TRY IT –
Your copy should match the entries exactly, with no images carried over.

++++ WORKING DATA ++++

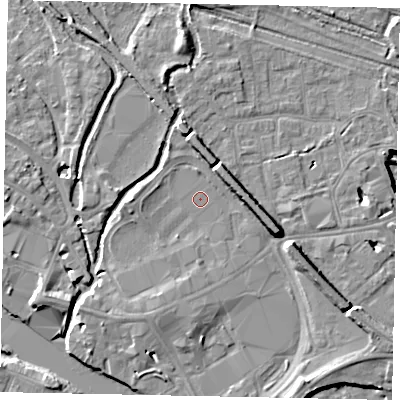 Shaded relief map of the ground around TW184WB, computed from Environment Agency LiDAR. The ground here sits at about 15 m above sea level and falls 9 m across the surrounding 800 m. Surface water reaching this point runs off ground lying to the south-south-west, 2.3 m higher.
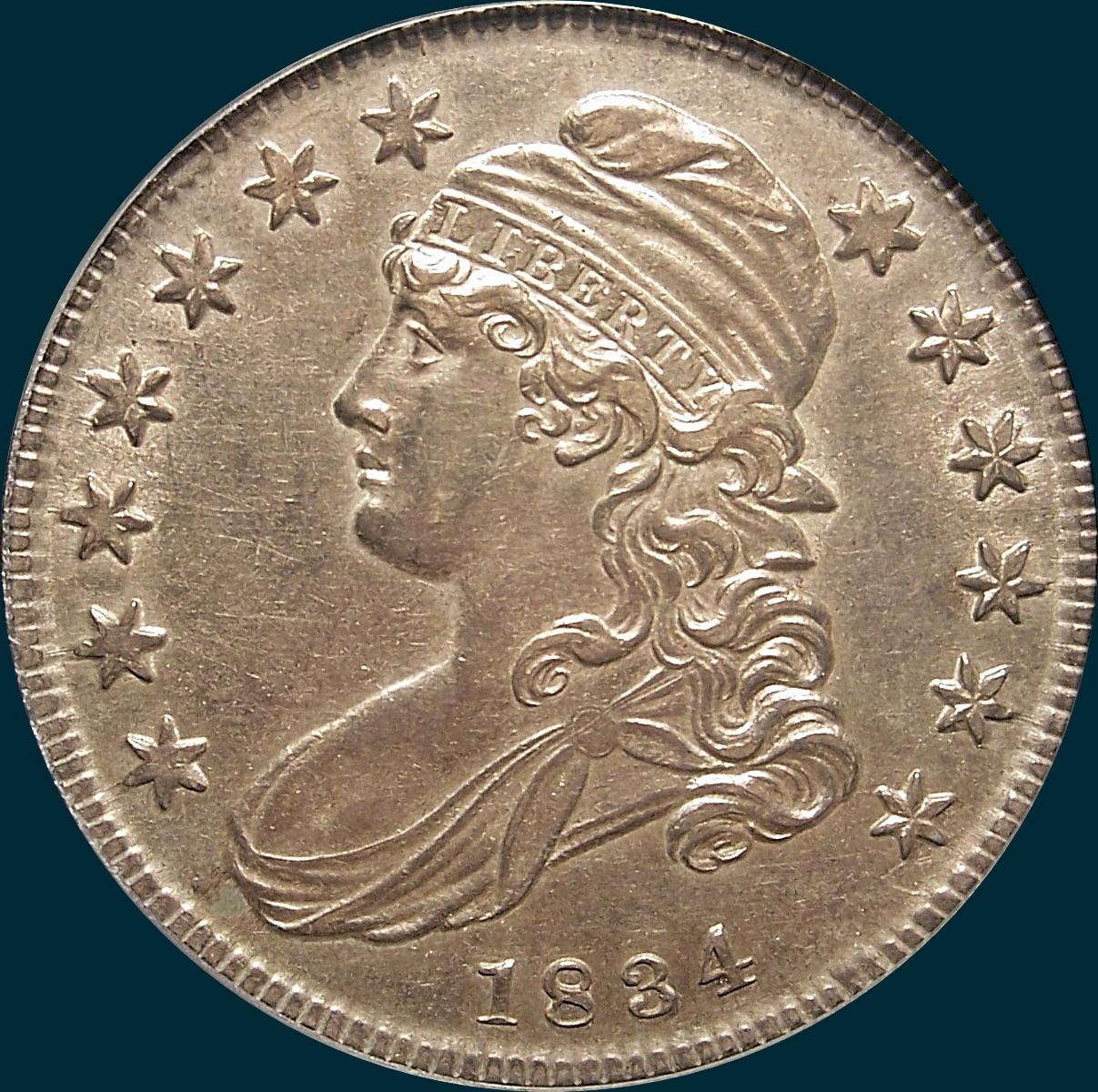 1834 O-110, capped bust half dollar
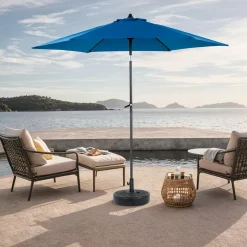 GUTENT - Parasol à manivelle,grand parapluie double face pour l'extérieur,bleu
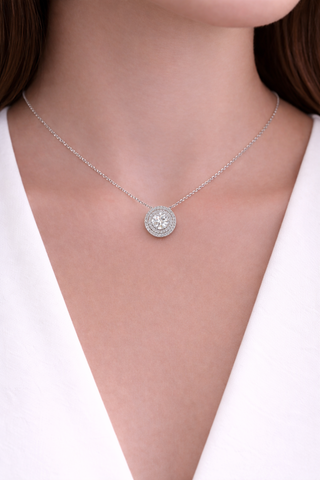 Pendentif Diamant rond en or blanc 14 kt avec diamants, vue 3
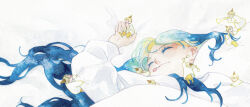 Rule 34 | &gt; &lt;, 1girl, 6+boys, arms up, bed sheet, biting, blonde hair, blowing, blue hair, bodysuit, cheek pinching, closed eyes, cloud, colored eyelashes, colored inner hair, colored pencil (medium), commentary, drumsticks, finger biting, grabbing another&#039;s hair, hat, highres, holding, holding drumsticks, horn (instrument), in palm, instrument, long hair, long sleeves, lying, mini person, miniboy, multicolored hair, multiple boys, music, on back, on bed, onoda ema, original, painting (medium), pinching, playing instrument, pointy hat, portrait, pulling, robe, shirt, sitting, size difference, sleeping, solo focus, struggling, traditional media, watercolor (medium), white hair, white robe, white shirt, wizard hat, yellow bodysuit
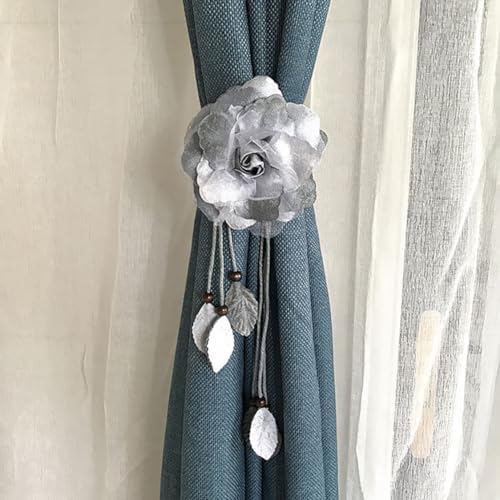 KDUPUP 2 Pcs Country Style Flower Curtain Tiebacks Grey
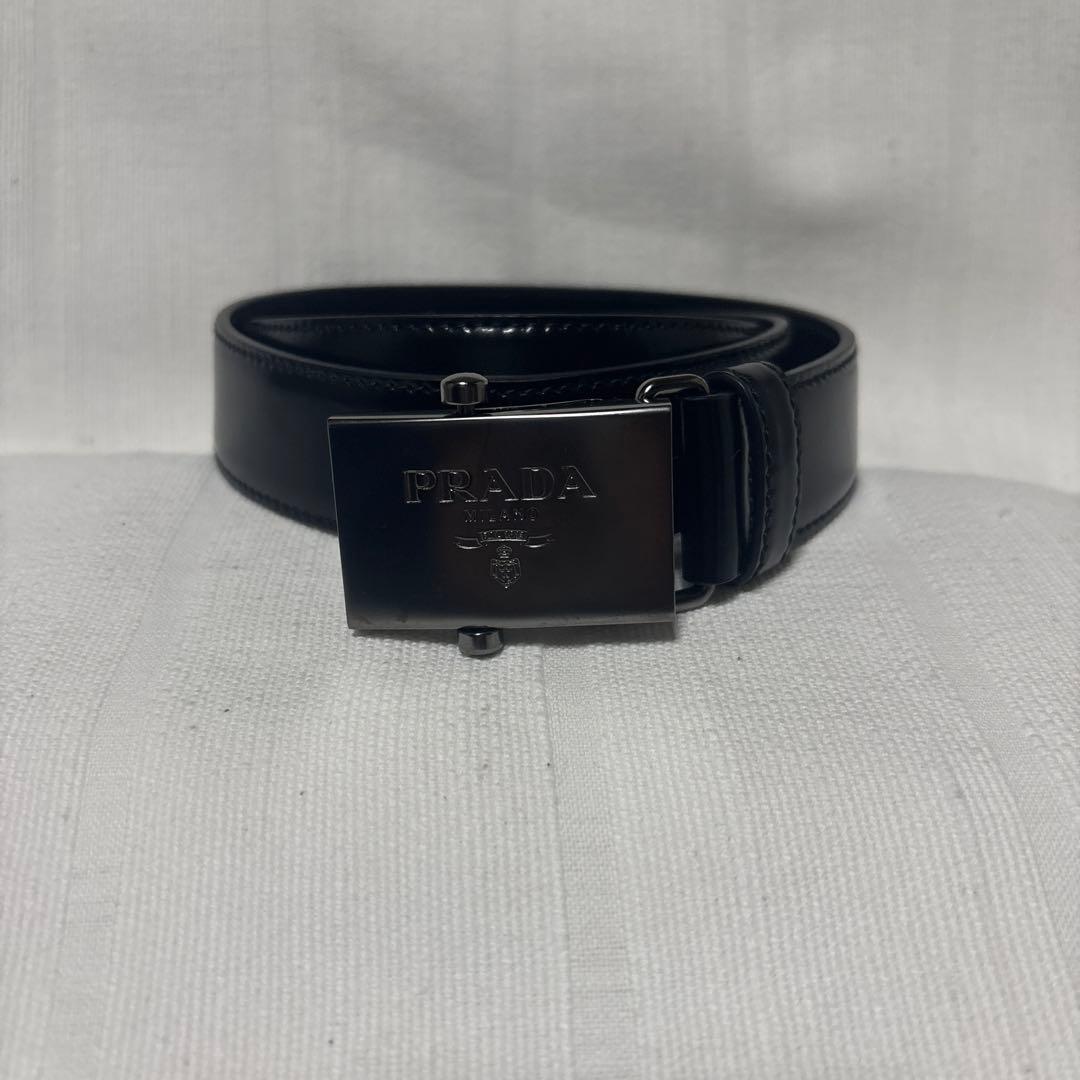 PRADA スクエアロゴ レザーベルト ブラック シルバー スライド式 中古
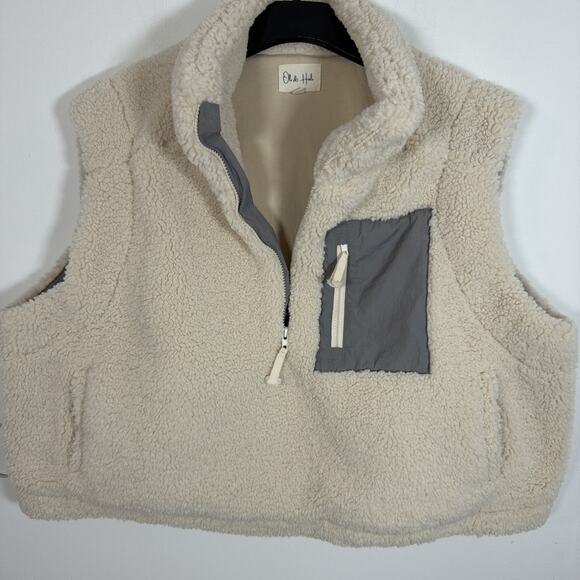 Oli & Hali Sherpa Polar Fleece Cropped Vest XL Fuzzy 1/4 Zip Outdoor Cream Ivory - Picture 3 of 9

++++

SOLUTION FOR THIS TASK –
 Shaded relief map of the ground around TW184WB, computed from Environment Agency LiDAR. The ground here sits at about 15 m above sea level and falls 9 m across the surrounding 800 m. Surface water reaching this point runs off ground lying to the south-south-west, 2.3 m higher.
 1834 O-110, capped bust half dollar
 GUTENT - Parasol à manivelle,grand parapluie double face pour l'extérieur,bleu
 Pendentif Diamant rond en or blanc 14 kt avec diamants, vue 3
 Rule 34 | &gt; &lt;, 1girl, 6+boys, arms up, bed sheet, biting, blonde hair, blowing, blue hair, bodysuit, cheek pinching, closed eyes, cloud, colored eyelashes, colored inner hair, colored pencil (medium), commentary, drumsticks, finger biting, grabbing another&#039;s hair, hat, highres, holding, holding drumsticks, horn (instrument), in palm, instrument, long hair, long sleeves, lying, mini person, miniboy, multicolored hair, multiple boys, music, on back, on bed, onoda ema, original, painting (medium), pinching, playing instrument, pointy hat, portrait, pulling, robe, shirt, sitting, size difference, sleeping, solo focus, struggling, traditional media, watercolor (medium), white hair, white robe, white shirt, wizard hat, yellow bodysuit
 KDUPUP 2 Pcs Country Style Flower Curtain Tiebacks Grey
 PRADA スクエアロゴ レザーベルト ブラック シルバー スライド式 中古
 Oli & Hali Sherpa Polar Fleece Cropped Vest XL Fuzzy 1/4 Zip Outdoor Cream Ivory - Picture 3 of 9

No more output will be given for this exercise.